Proponuję tezy do dyskusji
Proponuję tezy/pytania do dyskusji:
Czy skoro mamy już globalną "agorę" wymiany informacji, to mamy też globalny "rynek" obiegu informacji (agora vs. rynek - podział ze względu na komercyjny-niekomercyjny charakter wymiany informacji/dóbr kultury)? A jeśli mamy globalny "rynek", to można na tym globalnym rynku uzyskać jakąś bardziej dominująca pozycję wobec innych graczy? A jeśli tak, to czy potrzebne są jakieś zasady działania, które na takim globalnym rynku będą gwarantować konkurencyjność? Skoro w Polsce Urząd Ochrony Konkurencji i Konsumentów coraz częściej przygląda się kwestiom "własności intelektualnej" (formułując nawet tezy o praktykach naruszających konkurencje na "krajowym rynku zbiorowego zarządzania"), jeśli w Unii Europejskiej Komisja Europejska przygląda się działalności organizacji zbiorowego zarządzania (była decyzja w tej sprawie), ale także poszczególnym podmiotom, którym przysługują - w myśl różnorodnych przepisów - prawa własności intelektualnej (vide postępowanie w sprawie Microsoft), to czy potrzebny jest jakiś "globalny regulator" konkurencji w skali całego świata? Tak, by obejmował swoim działaniem zarówno Polskę, Singapur, USA, czy inne kraje?
--
[VaGla] Vigilant Android Generated for Logical Assassination
Nie potrafię sobie wyobrazić świata bez praw ochronnych
Jak miałoby to wyglądać? Model regulacji, który jest obecnie przyjęty ma zapewno mnóstwo wad i nie jest jednoznaczny (wypadki takie zresztą często odnotowywane są w tym serwisie), ale jaka jest alternatywa?

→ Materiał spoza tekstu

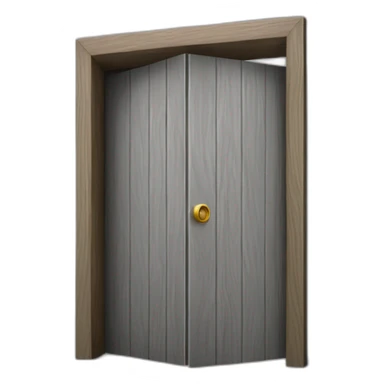 One gray wood open door perspective sticker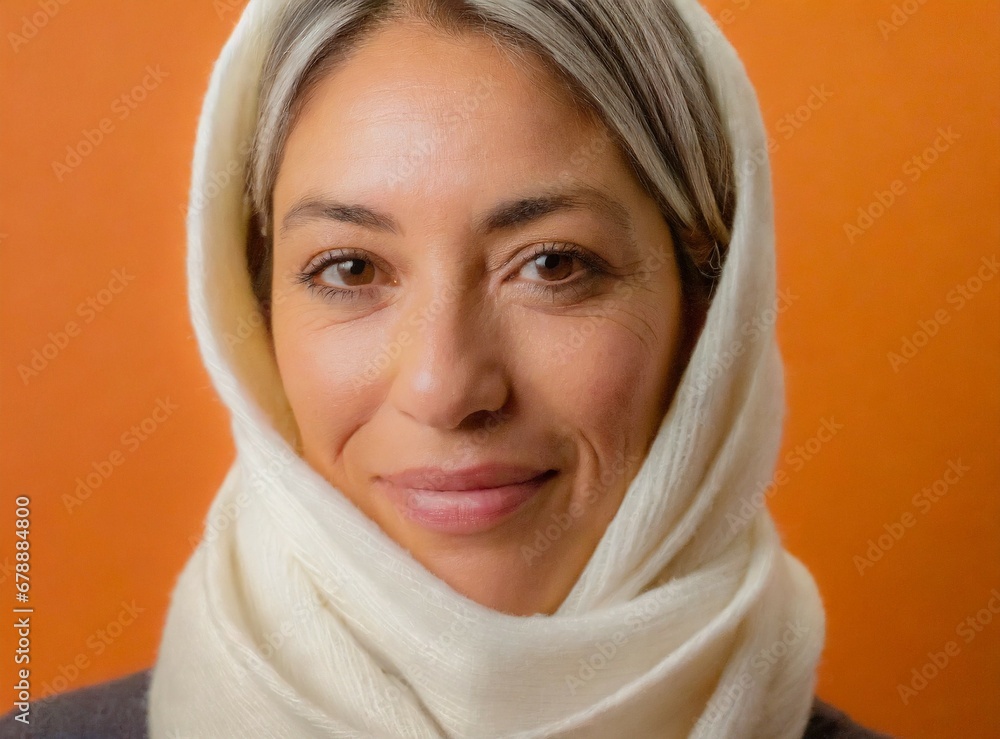 Poster muslim woman wearing hijab face closeup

Jeszcze nie zetknąłem się z jakimś pomysłem, który uwzględniałby specyfikę wszystkich praw ochronnych dotyczących "własności intelektualnej" od klasycznego prawa autorskiego po ochronę nazw i nowych gatunków roślin.
Czy na przykład zniesienie reżimu ochronnego nie doprowadziłoby do tego, że te same lub podobne skutki osiągnięto by poprzez zastosowanie klasycznych instrumentów prawa cywilnego, względnie prawa nieuczciwej konkurencji?
Z drugiej strony, czy nie doszłoby do tego, że ci, którzy teraz mają środki (czy to w branży muzycznej, oprogramowania itp.) nie wykorzystaliby tego, aby doszczętnie i tanim kosztem zmonopolizować swoich rynków? Ci którzy teraz walczą z prawami własności intelektualnej pierwsi zapewne chcieliby ochrony po tym, gdy wyniki ich dziełalności zostałyby przejęte przez gigantów.
Czy zatem jedyną alternatywą jest jakiś scentralizowany i państwowy system, gdzie wsyztsko należy do obywatlei (i jest fudowane z ich pieniedyz)
PS.
A analiza ekonomiczna IP - im więcej uniwesytetów, tym wiecej poglądów; każdy chce dodać coś, czymś różniłby się od kolegów z akademii.
świat bez praw wyłącznych
Ostatnio oglądałem program o średniowiecznych katedrach. Kolejni architekci podpatrywali rozwiązania poprzedników i dodawali coś od siebie, dzięki czemu mogli budować coraz wyższe budowle unikając groźby zawalenia. I jakoś te katedry (jak rozumiem per saldo :) ) bez praw wyłącznych architektów stoją do dziś.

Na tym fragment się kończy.